徳島県に神山町というところがあります。四国山脈の東部に位置した人口5300人ほど山間の町です。
高速インターネット回線の配備を進め企業を誘致し、移住者の増加で全国的に注目されている地域です。友人の会社も神山町にサテライトオフィスを構えています。

インターネットを高速化して企業を誘致するだけなら全国どこでも出来そう・・・と思いますよね。

でも、神山町の考え方はとても戦略的なのです。

まず、雇用がなく、働く場所がないことが過疎化の原因として、その課題を解決する為に人を循環させて産業を創出する戦略をとりました。

人を循環させる為に、企業を誘致し、町の将来に必要だと思う仕事を持った人材をスカウトして移住したもらったのです。インターネットインフラは都市部から地方への人の流れをつくる手段にすぎないのです。

また、神山塾という職業訓練の場を作り、地元の若者が誘致した企業で働けるよう後押ししています。

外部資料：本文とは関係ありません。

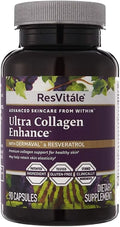 ResVitale Ultra Collagen Enhance - Anti Aging Skin Care and Joint People with Hydrolyzed Collagen Peptides, Hyaluronic Acid, Resveratrol, Grape Seed Extract and Dermaval Bioactive Edge 90 Caps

産業が創出されると、新たな産業が生まれます。移住者が増え、それが更に移住者を呼び、人が循環し産業が産業を生みます。

このような循環により最終的には元々地元に住んでいる人が多く従事している農業の活性化を図ろうとしています。

農林業だけで自立するのは困難と考え、バランスのとれた産業形態を目指したのは戦略です。

今や移住希望者が増え、空家の数が少なくなってきたほどとか。
全国でも珍しい地方創生の成功の影には戦略があったからです。